According to a Jerusalem Post report Canada’s National Post will not be publishing a printed Monday edition in an effort to save costs as of June 29th but will carry only an online edition for Mondays. This is allegedly a ‘summer savings’ mode. Now this is really looking like the beginning of the end for the National Post. I realize some of you will cheer but it isn’t only the beginning of the end for the National Post but the harbinger of what is to come for most local newspapers.
I rarely buy the National Post or any other newspaper and I suspect I am not alone in that regard. Twenty years ago, I use to subscribe regularly to newspapers but as the papers started piling up in the blue box (mostly unread) it became just another thing adding to the mess in my home so I canceled my subscriptions.
It use to be when you needed to buy/sell something, look for a job or have a television viewing guide for the week you could not afford not to buy a local paper at least once a week but with literally everything being online from eBay to Craigslist to Workopolis and Monster; newspapers just do not have a place anymore in our lives and instead have become a bane of our recycling hell.

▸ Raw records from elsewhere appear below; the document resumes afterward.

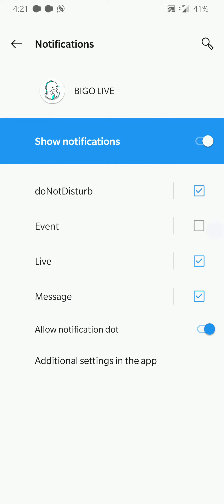This is the notification area of Android for Bego. There are two areas for notifications: here, and the other page I just showed you. If you have live unchecked, you won't get the going-live broadcasting notifications. If you have it checked, then you will, but you'll only get the ones that you've signed up for.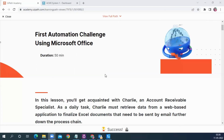Hi, and welcome to another video of UiPath Studio X. In this video, we are going to cover the third challenge of the Reboot Your Skill Program. This is a little complex and lengthy challenge, which will cover email automation, Excel automation, as well as UI automation.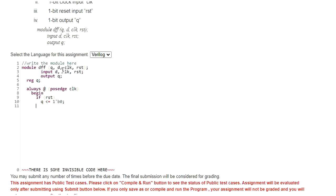Else, when reset is 0, my Q output of my flip-flop should follow the input. That is, input is D. That is why Q is equal to D with a non-blocking operator again. And I am going to end this begin always block.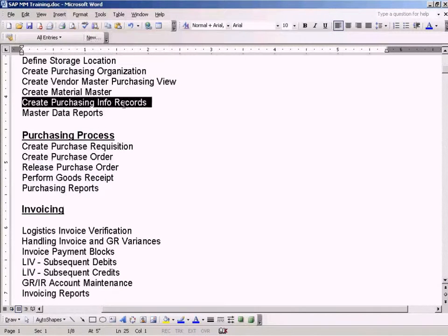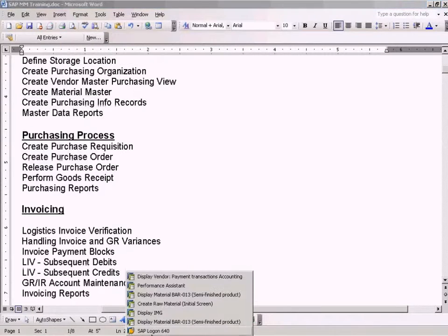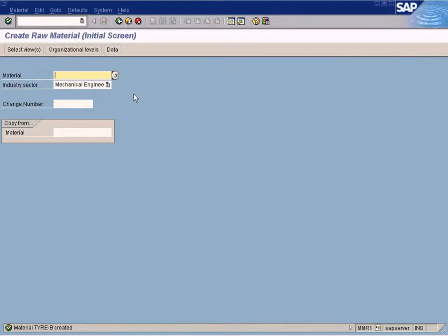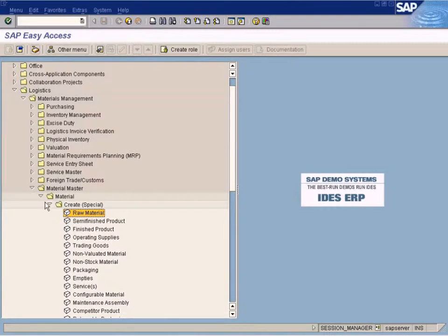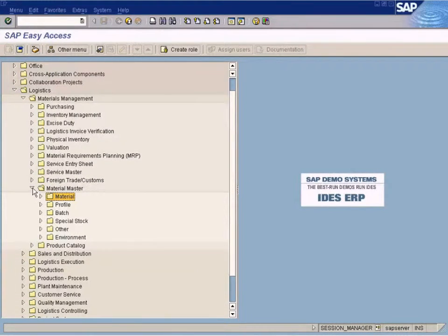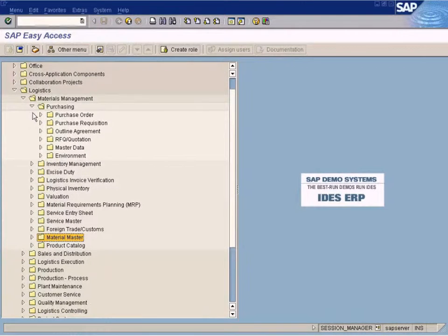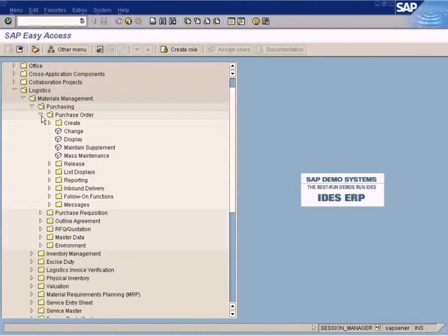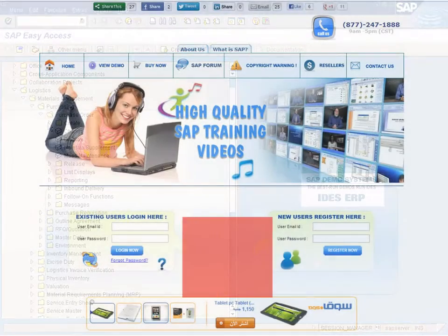Now we will look at creating purchasing info records. Purchasing info records is a step where we maintain the vendor-supplied price for each and every material that we buy from them, because different vendors may supply materials at different prices. This information needs to be maintained, otherwise we cannot let the purchase order know what price should be loaded when we release an order for a particular material with a particular vendor.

Even those who just bought the Saturday editions for the television schedules can opt out of the process and just read the seven day schedule off their television broadcast station courtesy of their local cable company.
I still occasionally buy newspapers when an extraordinary event happens or I have to move and need to wrap my glassware in newsprint but I often find more timely information online or on the telly than I do in print. Bloggers haven’t replaced print journalists and never will until bloggers have the resources that a magazine or newspaper provides, but the place newspapers held in our lives, is gone forever now that life moves online without the fuss or mess.